The next factor is going to be how good of a job _you_ did when you created the route. I tend to use RideWithGPS to create routes to follow and with that tool, I can program turn notifications where I want them. If I'm good, the turn notification goes off far enough in advance of the actual turn that I don't miss it, or panic brake in order to make it. I can put the notification much farther ahead on descents and closer to the turn when I anticipate I'll be going slower. I can reasonably accurately follow the best data available and take my time with the task, or I can rush through it sloppily and give my Garmin some really terrible instructions to follow.

One classic example was from an 80+mi road ride I did years ago. It was planned by others and was a semi-informal Memorial Day ride where the organizer actually got us a police escort for the first few miles. The organizer created a route to follow and sent it to participants using MapMyRide. I looked at the route beforehand and saw little details that were off. Turn notifications were REALLY close to turns. The route went the wrong way through a few roundabouts, that sort of thing. So I took the ride, fixed those little details with RWGPS, and loaded that file into my Garmin. When out on the ride, the turn notification for one really super sharp left turn created some mayhem. I had already split off into a slower group off the back, so I missed the actual mayhem, but I came through afterwards and talked to a few riders. The group was moving pretty quickly there, and a subset of the group got the turn correct (started braking early in order to make the really sharp left), but another subset didn't and just kept hammering. The two subgroups crossed up and crashed. It wasn't helped any by the loose debris in the middle of the road, as tends to collect. One rider broke her pelvis in the mayhem. That turn needed a pretty early warning if you didn't know the turn ahead of time. It was a fairly fast section of road and you had to start braking pretty early. You also had to be heads-up to get around the pile of loose debris and make that sharp turn.

With my Garmin on my mtb, I'm okay with not having all the trails on the map, as long as i have some. What's critical to me are topo maps loaded in. I can use the terrain to match up my location between what my GPS shows and the paper map if I need to look at that much detail while I'm in the woods. The topo data that I load shows roads, streams, etc pretty well, so it's not usually too difficult to match them up when there are no trails on the digital map data.
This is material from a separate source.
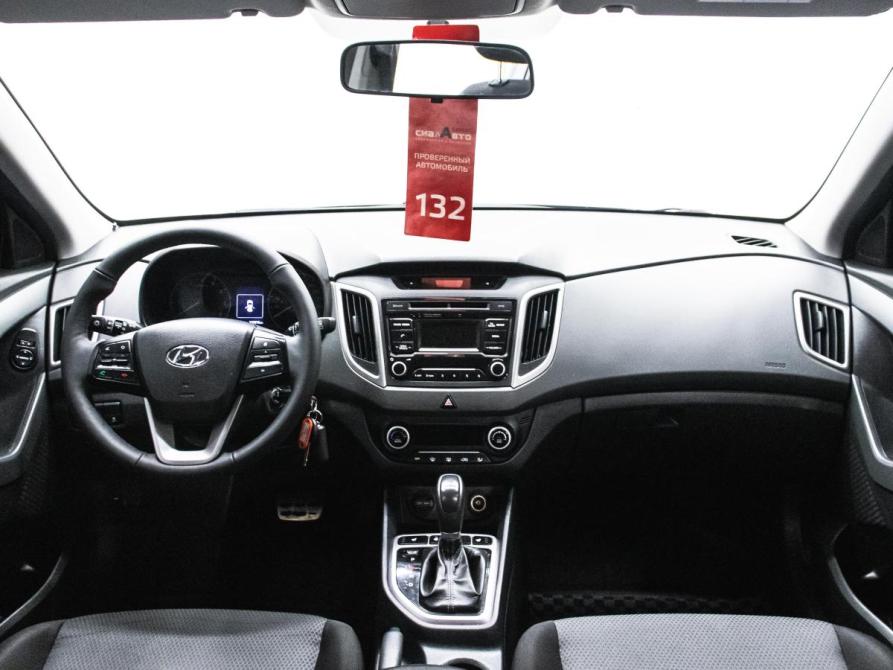 Hyundai Creta I Красноярск  - изображение 14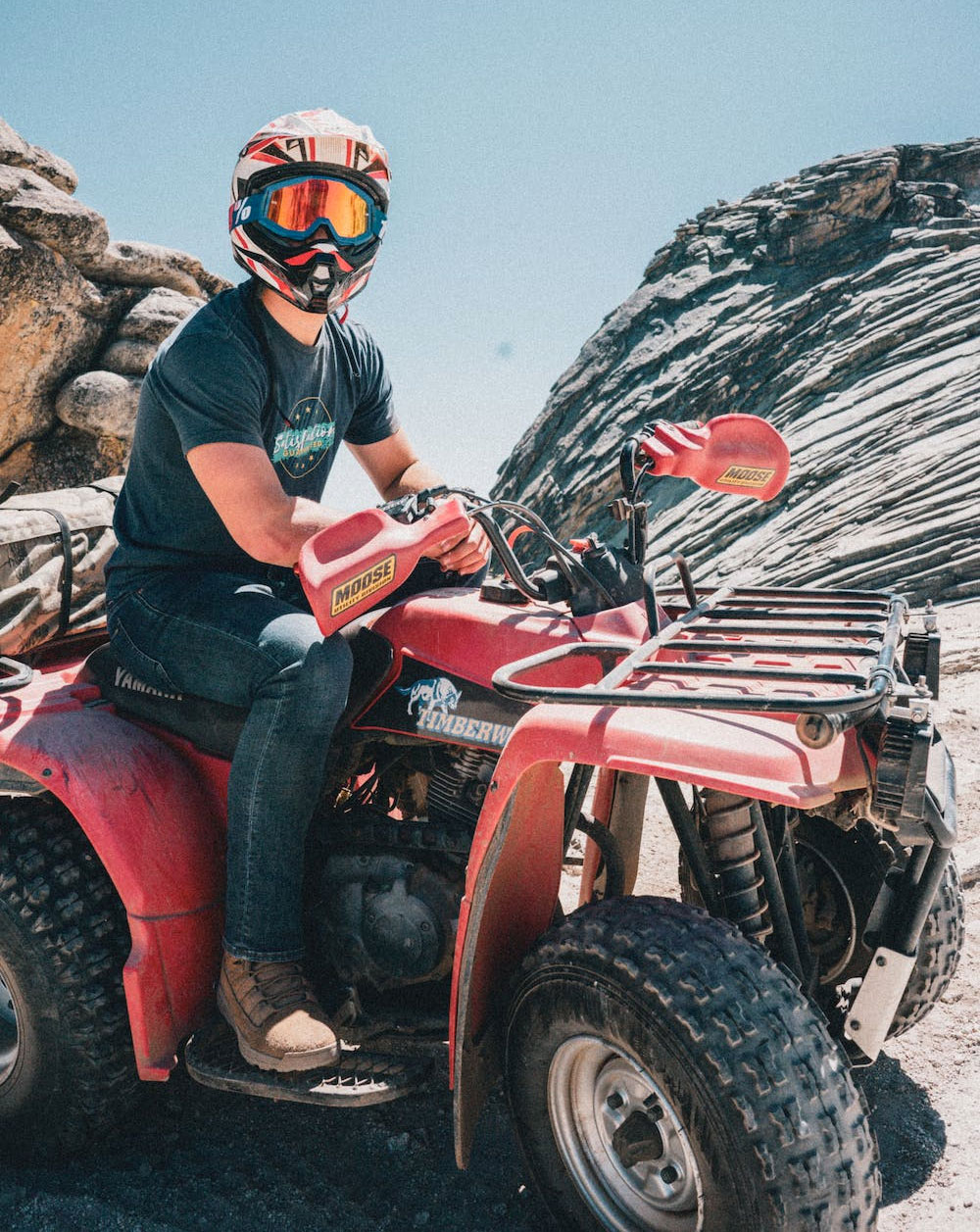 ATV-Jamboree ATV Rider | Beaver County ATV Trails Jamboree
To get the best use out of the hardware, you need to understand how it works and its limitations. This is true for anything. People get themselves into trouble by setting expectations too high and being too rigid and unadaptable.


----------



## chiefsilverback (Dec 20, 2019)

Are you riding mapped trails, or do you want to build up a map of your trails? If it's the former and they are mapped on Trailforks then as others have mentioned Garmin have Trailforks integration.

If it's the latter that is something I've been struggling with as I ride a network of sanctioned but unmapped trails. I record every ride on my Wahoo Elemnt Bolt, and then I export the GPX files to GaiaGPS to build up a trail map. I can't load them onto my Elemnt, but I can quickly get out my phone and open Gaia to see where I am in relation to the network.


----------



## Riled (May 1, 2012)

After reading Bassmantweed and Harold's detailed and thoughtful responses, I'm thinking I may take advantage of the 1030 plus deal going on right now. TBH, I don't rely on the routing function that much, even though my earlier post details a recent negative experience. The issues I outlined had kept me from routinely using the active routing, but I do occasionally give it a try as it is steadily improving.

The thing is, the fact that I can almost always pull out my phone using the same Trailforks data and tell immediately what I need to do, tells me a bigger easily zoomable screen may be all I need.


----------



## Harold (Dec 23, 2003)

Riled said:


> After reading Bassmantweed and Harold's detailed and thoughtful responses, I'm thinking I may take advantage of the 1030 plus deal going on right now. TBH, I don't rely on the routing function that much, even though my earlier post details a recent negative experience. The issues I outlined had kept me from routinely using the active routing, but I do occasionally give it a try as it is steadily improving.
> 
> The thing is, the fact that I can almost always pull out my phone using the same Trailforks data and tell immediately what I need to do, tells me a bigger easily zoomable screen may be all I need.


The Trailforks integration on recent Garmins isn't _quite_ the same as it is with the TF app or website. There are a couple of different ways TF can be integrated or imported into these Garmins, so you might want to read up on the details of this first, just so you have an idea of what to expect. My older 520 is a little different with TF than more recent models. And I don't actually use it, because I do other things that cover many of those functions.


----------



## Catmandoo (Dec 20, 2018)

My experience using TF and my 1030 was I created a complicated route of a local trail system that had a lot of turns to follow in order to get onto the correct trail. I ported the ride to the 1030 on the TF app. I generally found TBT useless for pre-advice of an upcoming turn, mostly as I was too busy paying attention to the trail (having never been at this trail system prior),,but found TBT useful when I got to (and stopped at) an intersection. Then TBT routed me correctly. 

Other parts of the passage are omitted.